If Mr Farron believes that gay relationships are wrong but should be treated equally under law, that is perfectly in accord with this understanding, and is in fact the position that Christians used to be scolded for not taking.

The Farron case has elicited a lot of comment about the increasingly open hostility of secular progressives to Christian belief—and this is undoubtedly real. If we consider their attitude to the Catholic adoption agencies who opposed adoption by gay couples, to Christian florists who do not wish to take part in gay weddings, or to Christian nurses who do not wish to be involved in abortion, then it appears that they agree, ironically enough, with an arch-conservative 19th century Pope, Pius IX.

Pope Pius is associated with the view that ‘error has no rights’ (he never used those ­specific words in The Syllabus Of Errors, but they do pithily sum up the spirit of that ­document).

Pluralism and tolerance are out now.
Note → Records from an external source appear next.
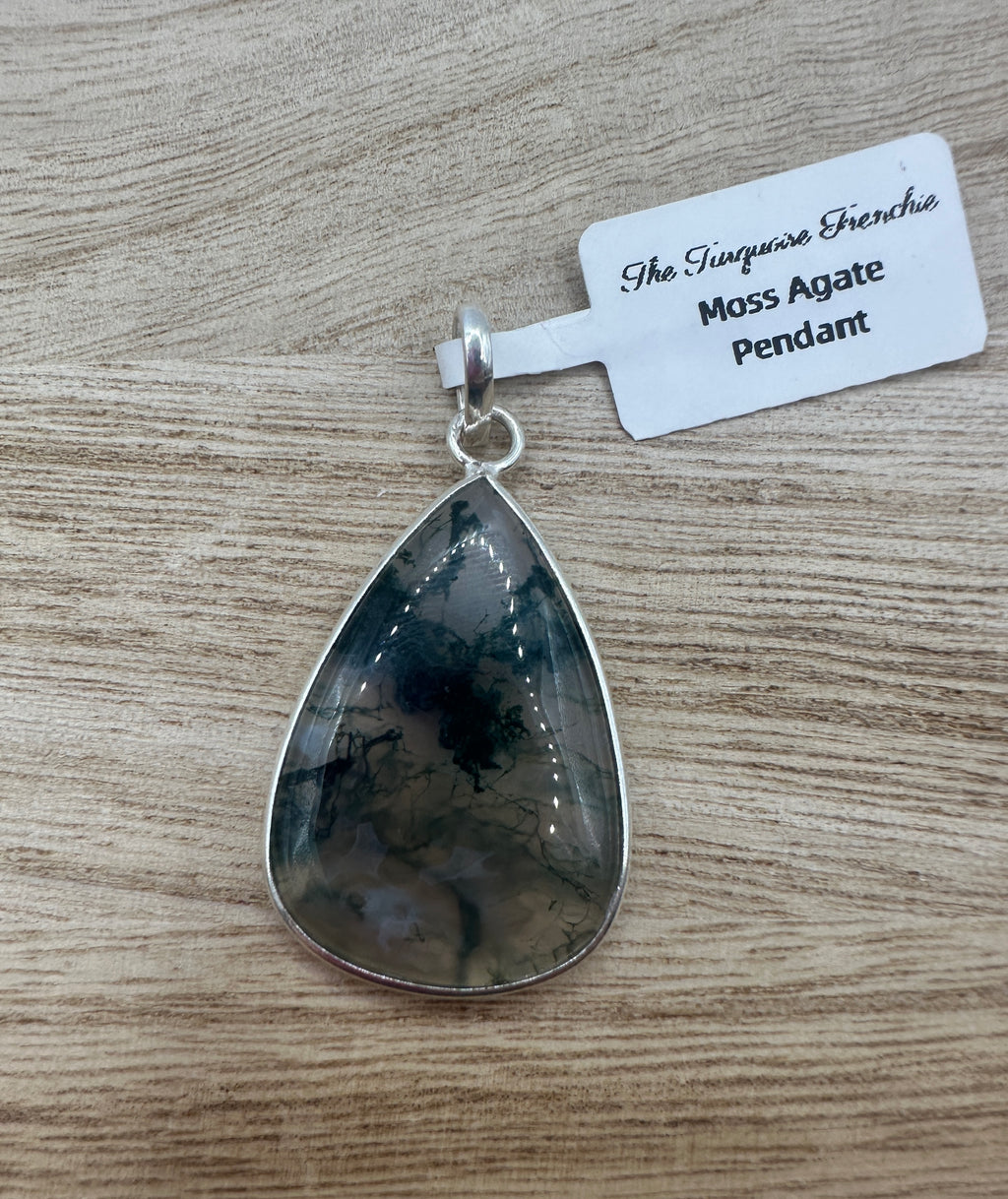 Moss Agate Tear Drop Pendant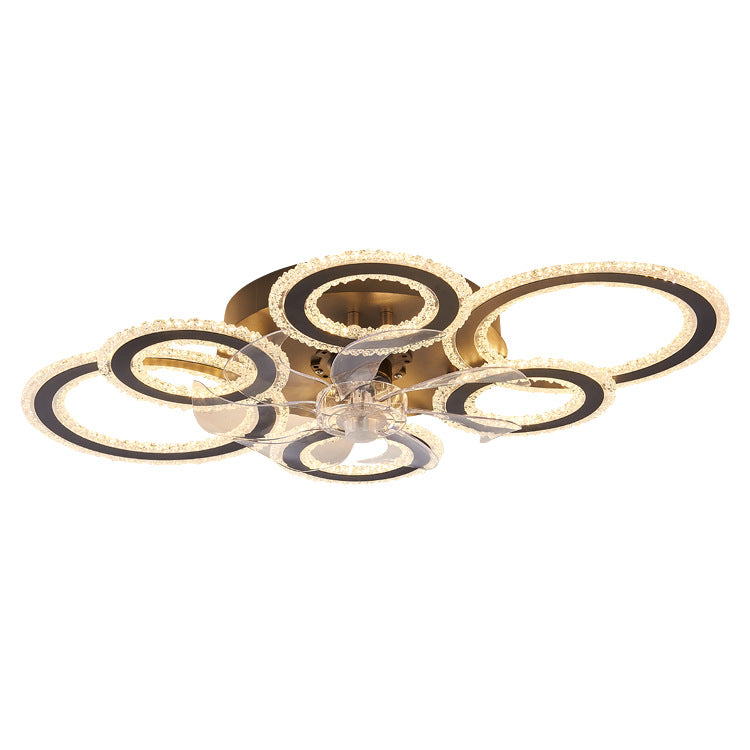 Contemporary Nordic Iron Acrylic Circle LED Semi-Flush Mount Ceiling Fan Light For Living Room & Bedroom
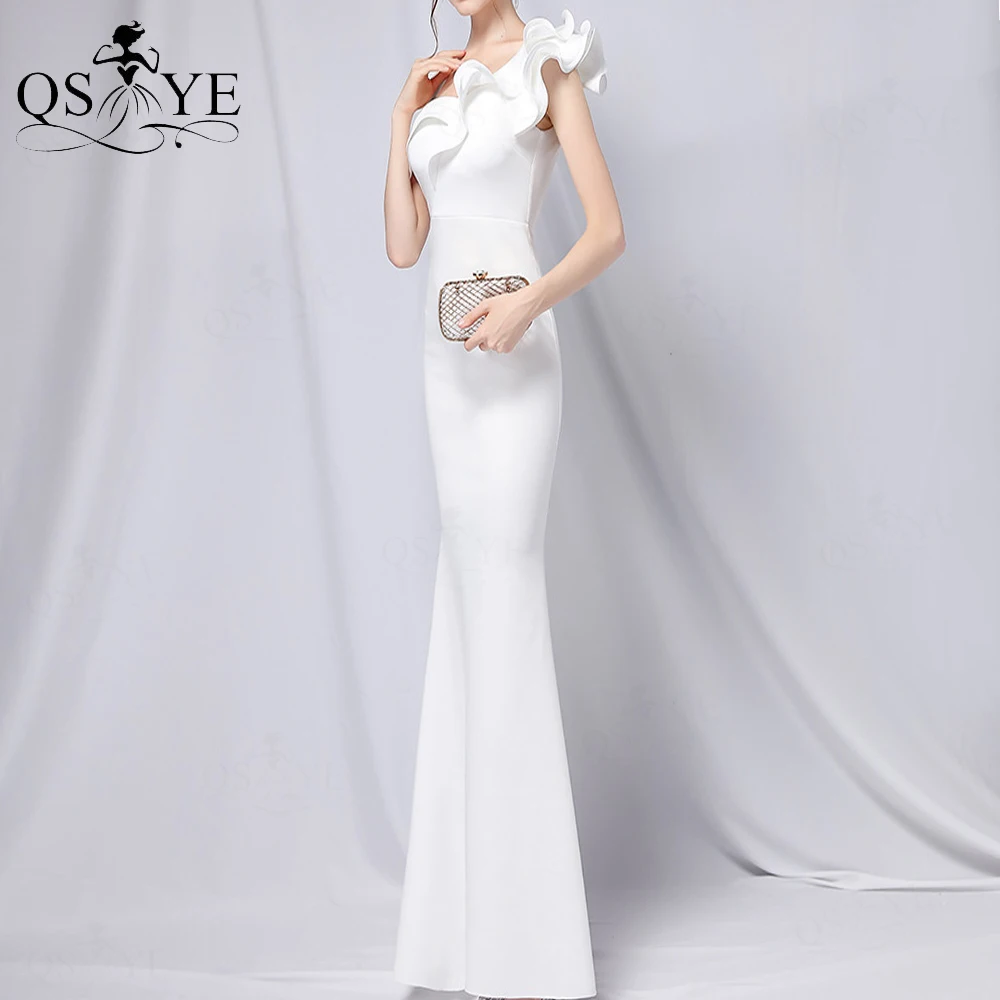 Robe de soirée asymétrique, asymétrique épaule dénudée, style sirène, manches latérales, à volants, épaule dénudée, extensible, ajustée, tenue de fête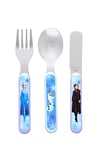 Disney II Frozen 3 Piece Cutlery Set – Metal, Reusable Children's Knife, Fork & Spoon, Kids-Size, Made from Food-Safe Stainless Steel & ABS Plastic – with Elsa, Anna & Olaf – for 12 Months & Up, 18/8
The state has declared war on all purportedly unjust customs and institutions, even if by doing so it impinges on the freedom in whose name it supposedly acts.

The stern moral precepts of Christianity, especially around sex, seem to provoke a sort of unreasoning rage in some quarters, an urge to overthrow faith and so silence its demands.

I always think in this context of a slogan used by radical French students in 1968: “C’est interdire d’interdire.”

It is forbidden to forbid. It manages to be both absurd and sinister—as CS Lewis said, ‘nonsense draws evil after it.’

What we have also seen in the Farron affair is the shocking level of sheer ignorance about Christianity.

We can no longer rely on people having even the most basic understanding of what Christians believe and why—and they don’t know what they don’t know.

When Farron noted that Christians think that we are all sinners, this straightforward statement of basic doctrine was met with a wave of uncomprehending disdain. “Speak for yourself Tim, I’m not a sinner,” tweeted Labour MP Jess Phillips.

And yet this is one of the most absolutely basic Christian beliefs, foundational to the whole faith.

“If we say that we have no sin, we deceive ourselves.”

Different denominations formulate the idea differently—we Catholics call it original sin—but without it most of Christianity is unintelligible.

One other question that does arise in the post-Farron era is whether the growth of ­liberal attitudes to sex among Christians is making public life much harder for their more traditional fellow believers, who now face a difficult question, ie plenty of ­Christians have found a way to get rid of all the ‘nasty’ stuff about sex; why haven’t you?

There is an answer to this question, but it is a relatively complicated one that requires close and charitable attention to understand, which makes it very poorly suited to public debate in Britain in 2017.

The general perception seems to be that those who decline to take the ‘escape route’ of sexual liberalism are doing so because of an animus towards gay people —and this ­perception is often reinforced by revisionist Christians themselves, throwing their co-religionists under the bus of assumed bigotry.

It is not hard to see how this perception could lead to the gradual exclusion of ­Christians from large parts of public life.

However, we should avoid despair. A period of being regarded as a weird and ­disreputable minority will probably be good for us—as Pope Emeritus Benedict XVI ­suggested, it may herald a new era of dynamism and creativity in the Church. Christians have often been much too cosy with worldly power and too ready to mistake bourgeois respectability for Christian living. Now we will be forced to choose a master.